All build and run commands go through the xtask tool. You never need to invoke cargo build for the kernel directly.

Build the kernel

cargo xtask build

This cross-compiles the kernel for x86_64-unknown-none (the default target).

For arm64:

cargo xtask build --arch arm64

Run in QEMU

cargo xtask run

This builds the kernel, creates a bootable ISO, and launches it in QEMU in headless mode — serial output is piped to your terminal, but no graphical window opens. Press Ctrl+A, X to exit QEMU.

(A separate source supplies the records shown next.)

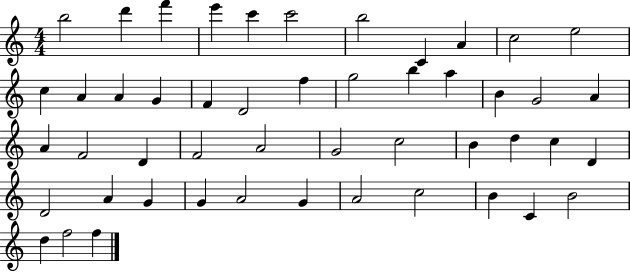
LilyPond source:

{
  \clef treble
  \numericTimeSignature
  \time 4/4
  \key c \major
  b''2 d'''4 f'''4 | e'''4 c'''4 c'''2 | b''2 c'4 a'4 | c''2 e''2 | \break c''4 a'4 a'4 g'4 | f'4 d'2 f''4 | g''2 b''4 a''4 | b'4 g'2 a'4 | \break a'4 f'2 d'4 | f'2 a'2 | g'2 c''2 | b'4 d''4 c''4 d'4 | \break d'2 a'4 g'4 | g'4 a'2 g'4 | a'2 c''2 | b'4 c'4 b'2 | \break d''4 f''2 f''4 | \bar "|."
}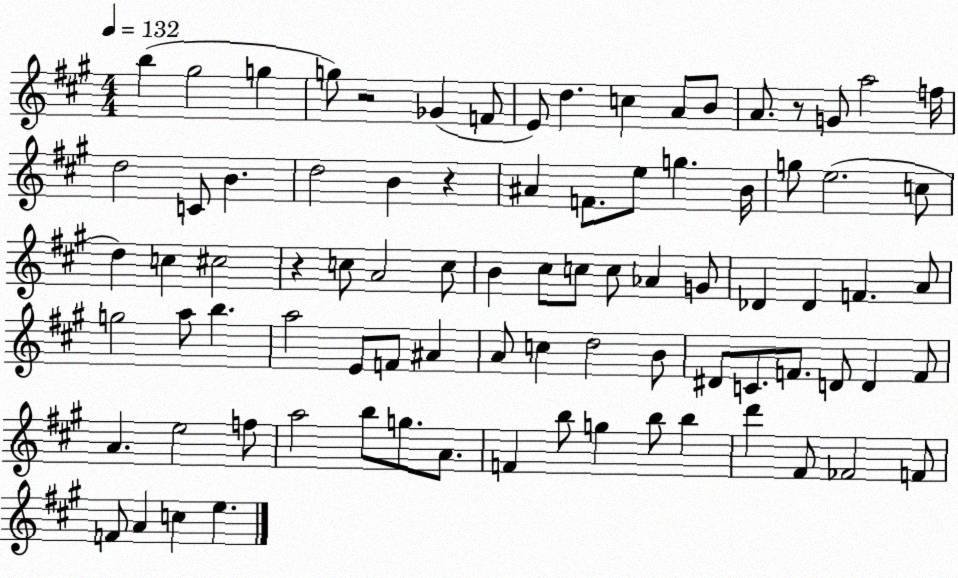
X:1
T:Untitled
M:4/4
L:1/4
K:A
b ^g2 g g/2 z2 _G F/2 E/2 d c A/2 B/2 A/2 z/2 G/2 a2 f/4 d2 C/2 B d2 B z ^A F/2 e/2 g B/4 g/2 e2 c/2 d c ^c2 z c/2 A2 c/2 B ^c/2 c/2 c/2 _A G/2 _D _D F A/2 g2 a/2 b a2 E/2 F/2 ^A A/2 c d2 B/2 ^D/2 C/2 F/2 D/2 D F/2 A e2 f/2 a2 b/2 g/2 A/2 F b/2 g b/2 b d' ^F/2 _F2 F/2 F/2 A c e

For arm64 (not yet implemented):

cargo xtask run --arch arm64

Build ISO only (without launching QEMU)

cargo xtask iso

This builds the kernel and creates a bootable ISO at target/themelios.iso without launching QEMU. Useful when you want to run QEMU manually with custom flags.

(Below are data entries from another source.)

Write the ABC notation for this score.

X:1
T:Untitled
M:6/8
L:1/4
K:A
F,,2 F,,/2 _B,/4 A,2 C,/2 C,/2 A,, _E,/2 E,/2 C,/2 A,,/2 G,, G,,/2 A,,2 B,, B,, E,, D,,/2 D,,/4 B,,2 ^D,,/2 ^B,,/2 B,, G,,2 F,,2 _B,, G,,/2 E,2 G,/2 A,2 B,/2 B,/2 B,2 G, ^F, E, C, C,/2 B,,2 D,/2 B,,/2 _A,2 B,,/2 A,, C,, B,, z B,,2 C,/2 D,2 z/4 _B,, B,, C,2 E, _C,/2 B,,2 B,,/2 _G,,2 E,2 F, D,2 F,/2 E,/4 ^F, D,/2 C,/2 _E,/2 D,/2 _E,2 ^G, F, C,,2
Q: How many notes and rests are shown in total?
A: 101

Run with QEMU display window

To see the QEMU graphical window (shows the Limine bootloader screen and any framebuffer output):

cargo xtask run --display

This does everything cargo xtask run does but opens a QEMU window instead of running headless. Serial output still goes to your terminal.

Build documentation

cargo xtask docs

This builds both the mdbook (to docs/book/) and the rustdoc API docs.

Shorthand alias

The workspace defines a cargo xt alias, so these also work:

cargo xt build
cargo xt run
cargo xt docs

Project layout

themelios/
├── kernel/          # The kernel crate (#![no_std], bare-metal)
│   └── src/
│       ├── main.rs  # Kernel entry point, module declarations
│       ├── arch/    # Architecture-specific (x86_64, aarch64)
│       ├── mm/      # Memory management
│       ├── sched/   # Scheduler
│       ├── cap/     # Capability system
│       ├── ipc/     # Inter-process communication
│       ├── drivers/ # Device drivers (VirtIO, serial, etc.)
│       ├── fs/      # Filesystem
│       └── net/     # Networking
├── xtask/           # Build tooling (runs on host)
├── docs/            # mdbook documentation
├── .cargo/          # Cargo configuration
└── CLAUDE.md        # Project documentation for AI assistants

IDE setup

VS Code

Install the rust-analyzer extension. It should pick up the workspace configuration automatically.

If rust-analyzer struggles with the #![no_std] kernel crate, you may need to add this to .vscode/settings.json:

{
    "rust-analyzer.cargo.target": "x86_64-unknown-none",
    "rust-analyzer.cargo.buildScripts.enable": true
}

Other editors

Any editor with rust-analyzer LSP support should work. The key setting is ensuring the target is set to x86_64-unknown-none for the kernel crate.

Troubleshooting

“can’t find crate for core

This means the bare-metal target isn’t installed. Run:

rustup target add x86_64-unknown-none aarch64-unknown-none

Or let rust-toolchain.toml handle it by running any cargo command in the project.

“error: -Zbuild-std is unstable”

You need to be on the nightly toolchain. Check with rustup show — the project’s rust-toolchain.toml should select nightly automatically.

QEMU not found

Make sure QEMU is installed and on your $PATH. See the QEMU installation section above.